3522. — À M. DIDEROT.

Est-il bien vrai, monsieur, que tandis que vous rendez service au genre humain, et que vous l’éclairez, ceux qui se croient nés pour l’aveugler aient la permission de faire un libelle périodique[1] contre vous et contre ceux qui pensent comme vous ? Quoi ! on permet aux Garasses d’insulter les Varrons et les Plines !

Quelques ministres de Genève ont eu la rage, en dernier lieu, de vouloir justifier l’assassinat juridique de Servet : le magistrat leur a imposé silence ; les plus sages ministres ont rougi pour leurs confrères bafoués ; et il sera permis à je ne sais quels pédants jésuites d’insulter leurs maîtres !

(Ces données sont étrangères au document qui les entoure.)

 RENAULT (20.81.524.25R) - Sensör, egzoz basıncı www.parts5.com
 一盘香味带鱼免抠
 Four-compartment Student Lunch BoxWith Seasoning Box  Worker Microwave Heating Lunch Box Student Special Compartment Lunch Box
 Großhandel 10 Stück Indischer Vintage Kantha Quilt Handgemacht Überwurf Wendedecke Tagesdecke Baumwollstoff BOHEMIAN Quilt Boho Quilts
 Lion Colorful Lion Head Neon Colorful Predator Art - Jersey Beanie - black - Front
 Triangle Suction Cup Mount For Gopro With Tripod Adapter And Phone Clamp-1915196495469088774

N’êtes-vous pas tenté de déclarer que vous suspendrez l’Encydopédie jusqu’à ce qu’on vous ait fait justice ? Les Guignards ont été pendus, et les nouveaux Garasses devraient être mis au pilori. Mandez-moi, je vous prie, les noms de ces malheureux. Je les traiterai selon leur mérite dans la nouvelle édition qui se prépare de l’Histoire générale. Que je vous plains de ne pas faire l’Encyclopédie dans un pays libre ! Faut-il que ce dictionnaire, cent fois plus utile que celui de Bayle, soit gêné par la superstition, qu’il devrait anéantir ; qu’on ménage encore des coquins qui ne ménagent rien ; que les ennemis de la raison, les persécuteurs des philosophes, les assassins de nos rois, osent encore parler dans un siècle tel que le nôtre !

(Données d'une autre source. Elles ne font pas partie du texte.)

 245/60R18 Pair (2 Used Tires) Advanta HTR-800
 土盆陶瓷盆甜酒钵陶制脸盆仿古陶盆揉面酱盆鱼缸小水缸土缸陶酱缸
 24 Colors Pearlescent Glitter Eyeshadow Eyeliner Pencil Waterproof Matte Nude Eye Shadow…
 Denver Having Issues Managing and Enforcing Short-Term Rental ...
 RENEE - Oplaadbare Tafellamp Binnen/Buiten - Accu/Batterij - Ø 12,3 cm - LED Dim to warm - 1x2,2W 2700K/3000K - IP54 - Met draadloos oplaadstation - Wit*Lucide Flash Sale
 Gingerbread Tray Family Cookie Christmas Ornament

On dit que ces monstres veulent faire les plaisants, et qu’ils prétendent venger la religion, qu’on n’attaque point, par des libelles diffamatoires, qui devraient servir à allumer les bûchers de leurs sodomites prêtres, si on n’avait pas autant d’indulgence qu’ils ont de fureur.

Votre admirateur et votre partisan jusqu’au tombeau.


Le Suisse libre.

  1. La Religion vengée, etc. ; voyez la lettre 3293.